## PROBLEM DESCRIPTION
Retype only what runs from the beginning of the data through the line with "USA, New York"; please omit the pictures and keep every line exact.

********

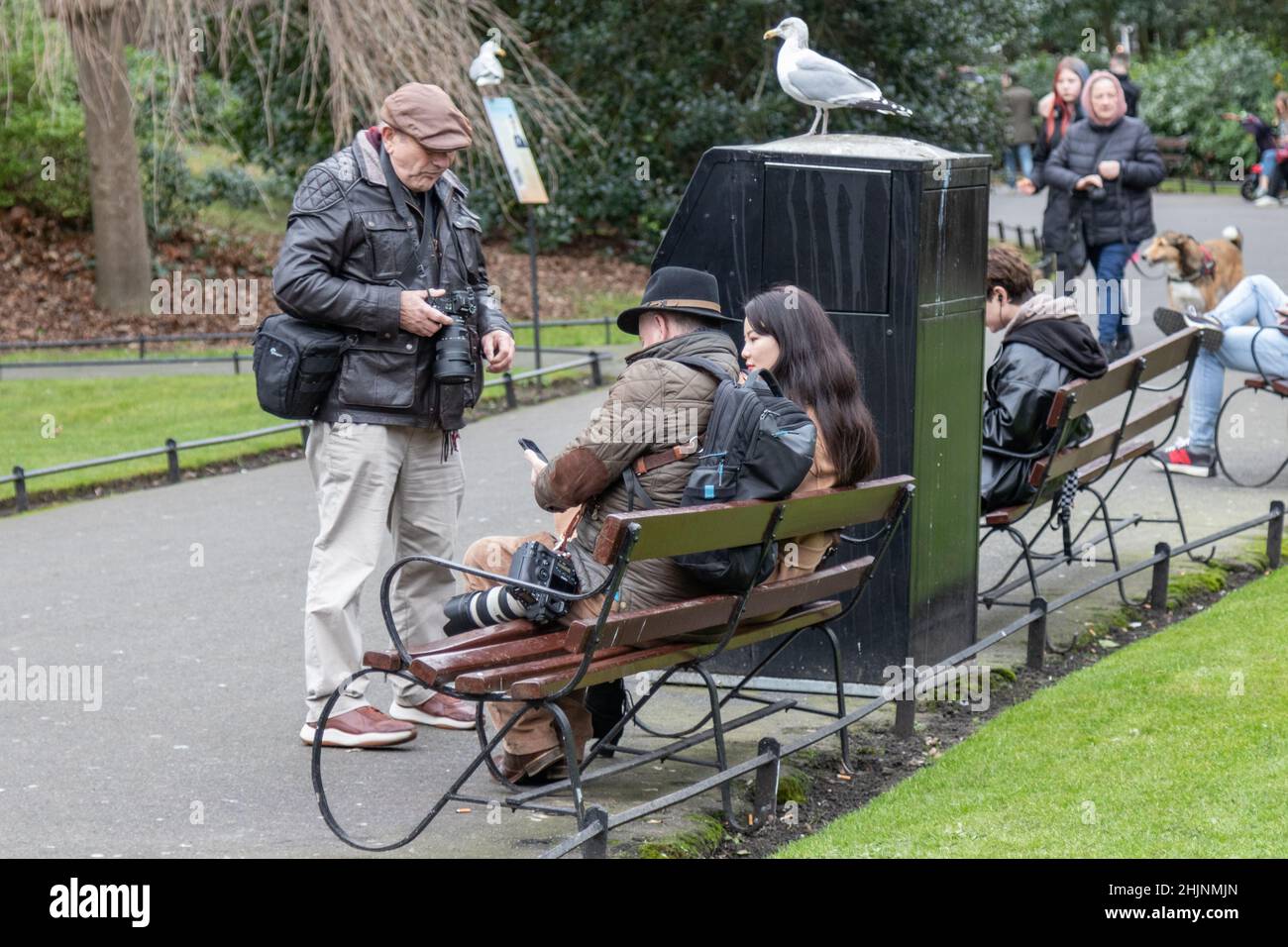 Fotografen überreden ein Mädchen auf einer Bank sitzen, um für Fotos posieren, St. Stephen’s Green Park , Stadt, Straßenfotografie, Dublin, Irland Stockfoto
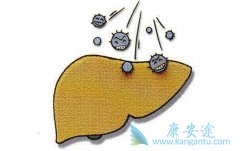 ���ڱ��δ����ڵĻ��߱��ο���ҲΪ����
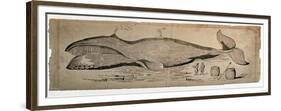Captured Whale-null-Framed Giclee Print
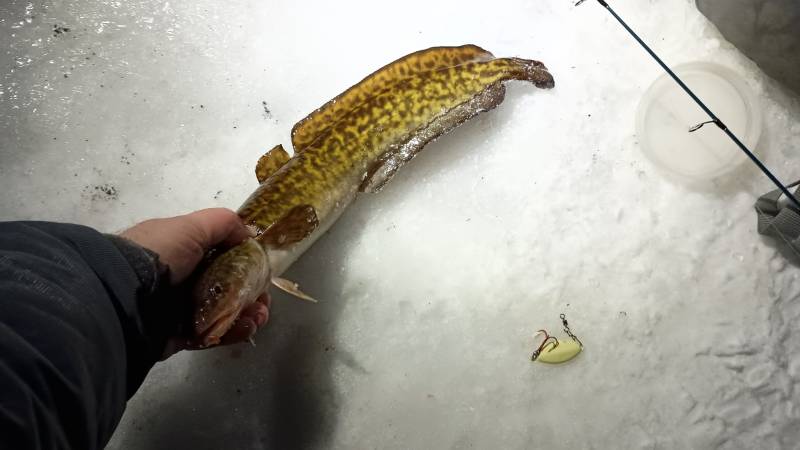 Burbot in Minnesota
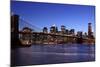 USA, New York City, Manhattan, Brooklyn Bridge, View from Brooklyn, Evening-Catharina Lux-Mounted Photographic Print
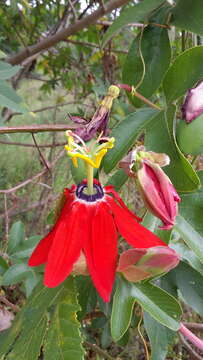 Image de Passiflora manicata (A. Juss.) Persoon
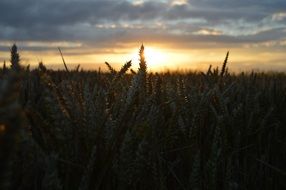 grain field at dusk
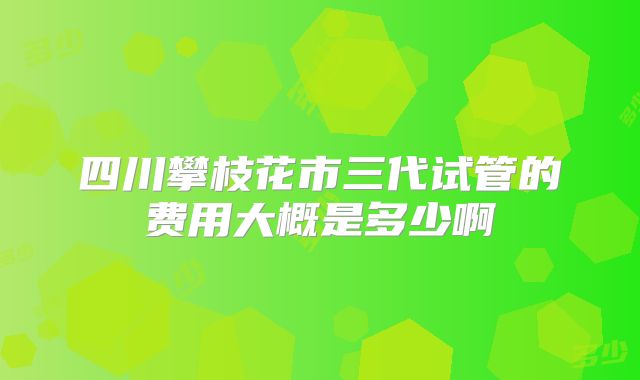 四川攀枝花市三代试管的费用大概是多少啊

********

## EXERCISE RESULT
 Fotografen überreden ein Mädchen auf einer Bank sitzen, um für Fotos posieren, St. Stephen’s Green Park , Stadt, Straßenfotografie, Dublin, Irland Stockfoto
 ���ڱ��δ����ڵĻ��߱��ο���ҲΪ����
Captured Whale-null-Framed Giclee Print
 Burbot in Minnesota
 USA, New York City, Manhattan, Brooklyn Bridge, View from Brooklyn, Evening-Catharina Lux-Mounted Photographic Print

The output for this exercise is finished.